This is the mail archive of the
libc-alpha@sourceware.org
mailing list for the glibc project.
[PATCH v3] Don't spin around multiplying zeroes in __mul
Hi,
I managed to improve this patch a bit further. Attached is an updated
patch, this time also with comments describing the rationale. The
testsuite continues to run clean o x86_64 and the performance numbers
are as follows:
Without the patch:
Total:41379782042, Fastest:402117, Slowest:795883, Avg:413797.820420
With the patch:
Total:26096919666, Fastest:256379, Slowest:811423, Avg:260969.196660
That makes it a 36.9% improvement on average runtime and 36.2%
improvement on the fastest time. So that's about 7% better than the
last patch.
Siddhesh
* sysdeps/ieee754/dbl-64/mpa.c (__mul): Don't bother with zero
values in the mantissa.
diff --git a/sysdeps/ieee754/dbl-64/mpa.c b/sysdeps/ieee754/dbl-64/mpa.c
index dffa9d8..0555493 100644
--- a/sysdeps/ieee754/dbl-64/mpa.c
+++ b/sysdeps/ieee754/dbl-64/mpa.c
@@ -604,7 +604,7 @@ void
SECTION
__mul (const mp_no *x, const mp_no *y, mp_no *z, int p)
{
- int i, j, k, k2;
+ int i, j, k, ip, ip2;
double u, zk;
/* Is z=0? */
@@ -614,11 +614,35 @@ __mul (const mp_no *x, const mp_no *y, mp_no *z, int p)
return;
}
+ /* We need not iterate through all X's and Y's since it's pointless to
+ multiply zeroes. Here, both are zero... */
+ for (ip2 = p; ip2 > 0; ip2--)
+ if (X[ip2] != ZERO || Y[ip2] != ZERO)
+ break;
+
+ /* ... and here, at least one of them is still zero. */
+ for (ip = ip2; ip > 0; ip--)
+ if (X[ip] * Y[ip] != ZERO)
+ break;
+
/* Multiply, add and carry. */
- k2 = (__glibc_unlikely (p < 3)) ? p + p : p + 3;
- zk = Z[k2] = ZERO;
+ k = (__glibc_unlikely (p < 3)) ? p + p : p + 3;
+
+ /* For X with precision IP and Y with precision IP2, the term X[I]*Y[K-I] is
+ non-zero only when the ranges of non-zero values overlap. This happens
+ only for values of K <= IP + IP2. Note that we go from 1..K-1, which is
+ why we come down to IP + IP2 + 1 and not just IP + IP2. */
+ while (k > ip + ip2 + 1)
+ Z[k--] = ZERO;
+
+ zk = Z[k] = ZERO;
- for (k = k2; k > p; k--)
+ /* This gives us additional precision if required. This is only executed
+ when P < IP1 + IP2 + 1, i.e. at least one of the numbers have precision
+ of greater than or equal to half of what's required (P). Anything less
+ and we're just wasting our time since we'll be spinning around
+ multiplying zeroes. */
+ while (k > p)
{
for (i = k - p, j = p; i < p + 1; i++, j--)
zk += X[i] * Y[j];
@@ -626,10 +650,11 @@ __mul (const mp_no *x, const mp_no *y, mp_no *z, int p)

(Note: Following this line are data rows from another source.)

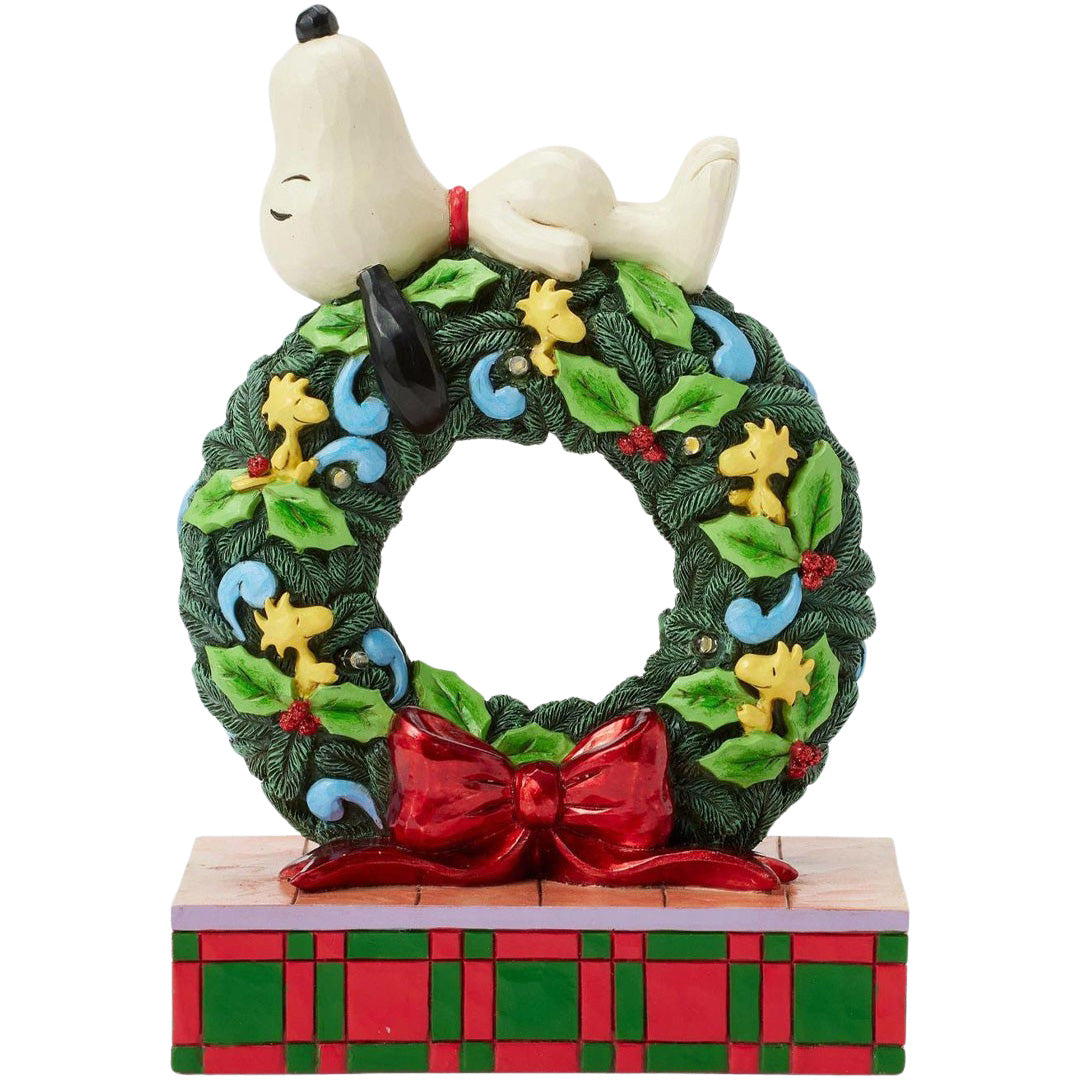 Jim Shore Snoopy Sleeping on LED Wreath front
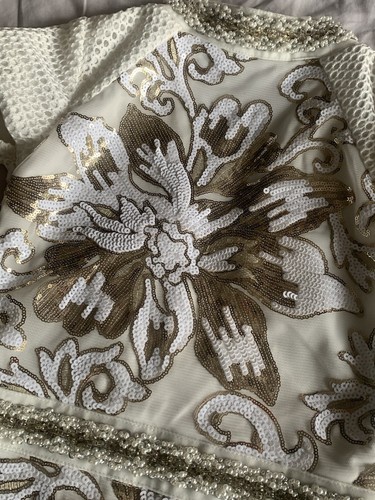 Gorgeous Embellished sequin/beaded dress PLT uk Size 6 gold/cream - Picture 6 of 11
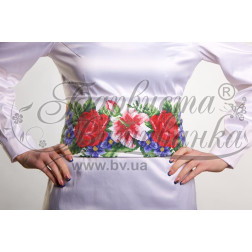 Набір бісеру Preciosa для вишивки бісером до заготовки жіночого пояса – вишиванки Лілеї, троянди, незабудки (ПС361пБннннb)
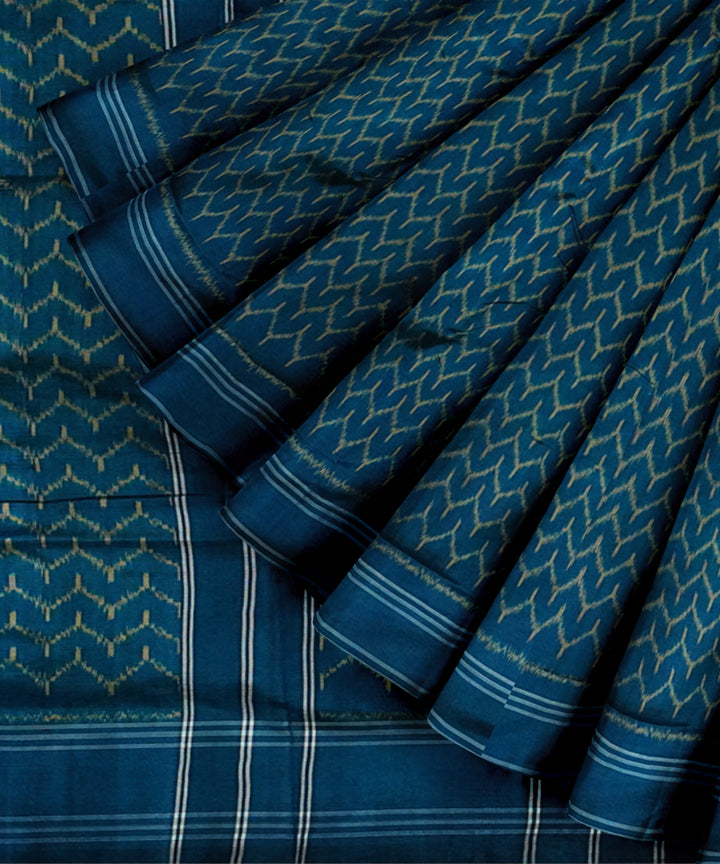 Dark blue handloom pochampally ikat silk saree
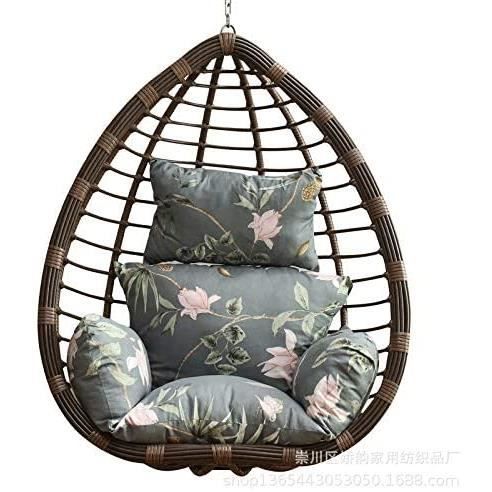 TTIK Oeuf Hamac Coussin De Chaise avec Dossier Siège Coquille Fauteuil Velours Coussin Elastique avec Bretelles pour Jardin Extérieu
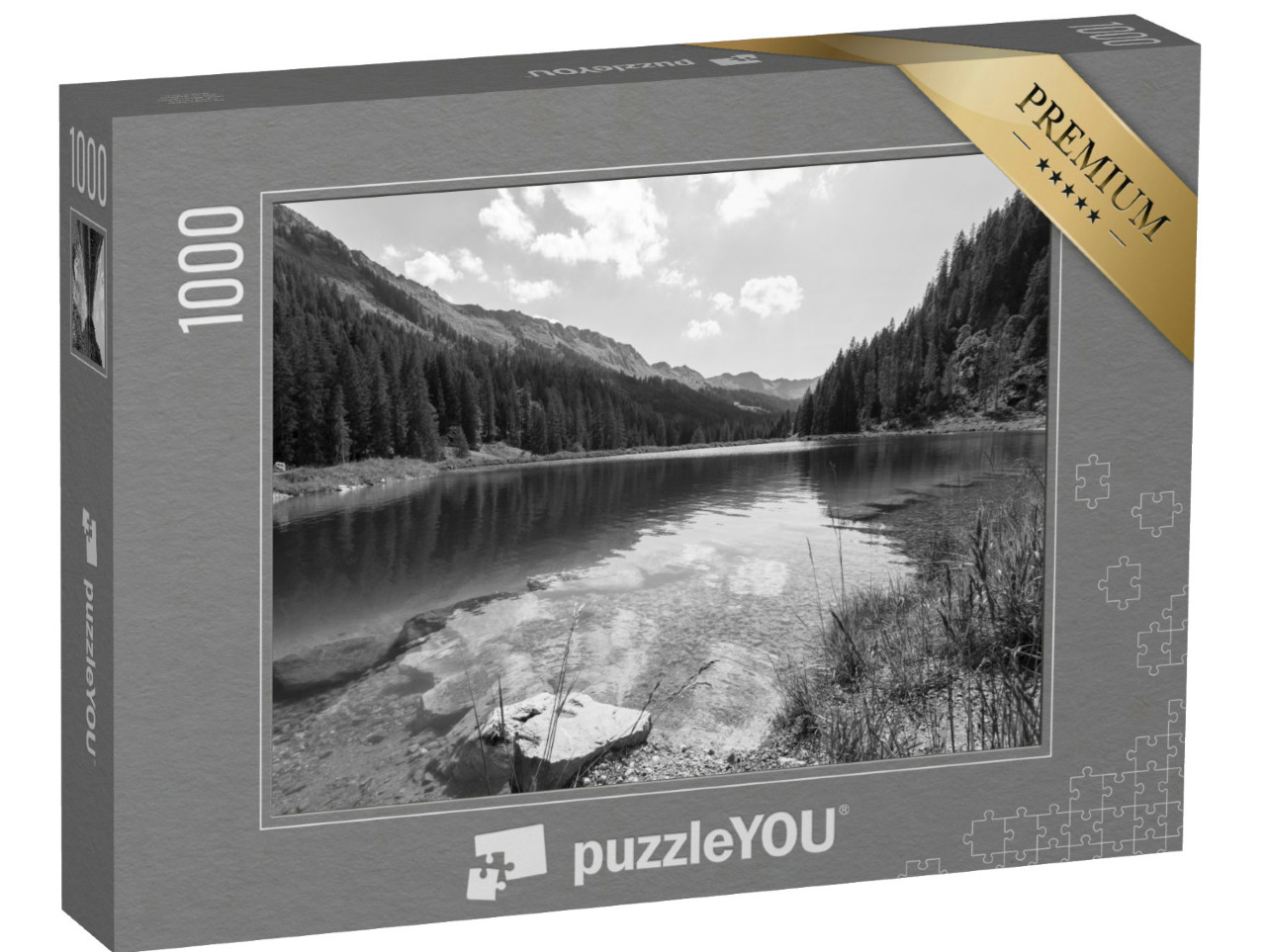 Puzzle 1000 Teile „Herzsee im Kleinwalsertal, Österreich, schwarz-weiß“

u = (zk + CUTTER) - CUTTER;
if (u > zk)
u -= RADIX;
- Z[k] = zk - u;
+ Z[k--] = zk - u;
zk = u * RADIXI;
}
+ /* The real deal. */
while (k > 1)
{
for (i = 1, j = k - 1; i < k; i++, j--)
@@ -638,9 +663,8 @@ __mul (const mp_no *x, const mp_no *y, mp_no *z, int p)
u = (zk + CUTTER) - CUTTER;
if (u > zk)
u -= RADIX;
- Z[k] = zk - u;
+ Z[k--] = zk - u;
zk = u * RADIXI;
- k--;
}
Z[k] = zk;